Peter Freeman, Inc. is pleased to announce an exhibition of Matt Mullican’s work, running concurrently with his retrospective Representing the Work at Musée des Art Contemporains au Grand-Hornu, Belgium.
The exhibition brings together several themes and mediums from the multi-pronged practice Mullican has been developing for more than forty years, exploring perspective through banal and specific documentation of his own environment, at a particular place and time: Berlin at 2 a.m.; descriptions of distinct moments from throughout the entire span of a woman’s life; and quotidian, abstract ideas expressed by “That Person,” his alter ego accessed through hypnosis.
Universal Perspective focuses on new works: rubbings on painted canvas, sculpture, including modified objects from the early 20th century, a twenty-foot square banner, and watercolors on wood panels, a medium Mullican is showing for the first time.
In Details from the Cosmology, new and existing signs, some of which have been present in Mullican’s visual vocabulary from the early ‘70s, depict life, death, heaven, hell, angels, demons, fate, and the soul. Their execution in watercolor on wood captures the artist’s spontaneous approach and receptiveness to the myriad possibilities of medium and materials, and highlights his ability to find new forms within a singular narrative.

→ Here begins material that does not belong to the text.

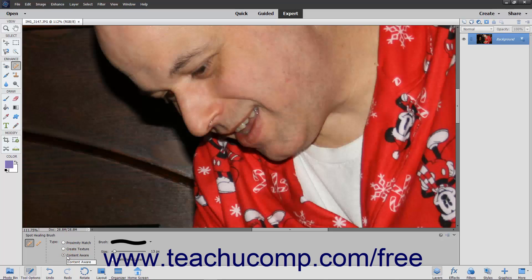The Content Aware option is a great option for removing objects from an image, as Elements replaces what you paint over with content matching the surrounding pixels. If needed, you can check the Sample All Layers checkbox to sample and repair from all the layers in the image.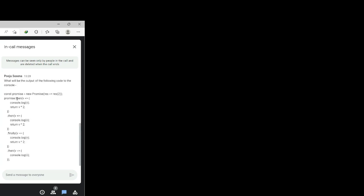This is the third one. What will be the output of the following code? const promise equals new Promise — then v, console.log v, return v into two — then dot then, then dot finally, return v into two. It should be two, four, and then two, four, eight — wait, just a second — it will be two, four, then undefined.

The exhibition borrows its title from two large-scale rubbings on view: Universal Perspective and Universal Perspective, Details, presenting a found image of a classic perspectival drawing technique in its entirety and in isolated details. These rubbings serve as a metaphor for the macro and micro themes present throughout the exhibition.
Mullican explores representation, perception, and how meaning is created and communicated in real life and in real-time versus through media. Treating his impulse to organize information as a subject, and acknowledging this impulse as primeval, his artwork anticipated our current reliance on interfaces and signs.
Matt Mullican was born in 1951 in Santa Monica, California. He earned his BFA from the California Institute of the Arts in Los Angeles in 1974, and has exhibited extensively internationally since, while also teaching, most recently at Hochschule für bildende Künste Hamburg, Germany from which he retired in 2018.
Representing the Work is on view at Musée des Art Contemporains au Grand-Hornu (Mac’s), Belgium through 18 October 2020, a catalogue is forthcoming.
Other recent exhibitions include Between Sign and Subject, de Young Museum, San Francisco (2019-2020); Banners, Skulpturenhalle, Thomas Schütte Stiftung, Neuss, Germany (2019); Representing the Work, NC-arte, Bogotá, Colombia (2019); The Feeling of Things, Pirelli HangarBicocca, Milan (2018); The Sequence of Things, Camden Arts Centre, London, England (2016); and Nothing Should Exist, Kunstmuseum Winterthur, Switzerland (2016).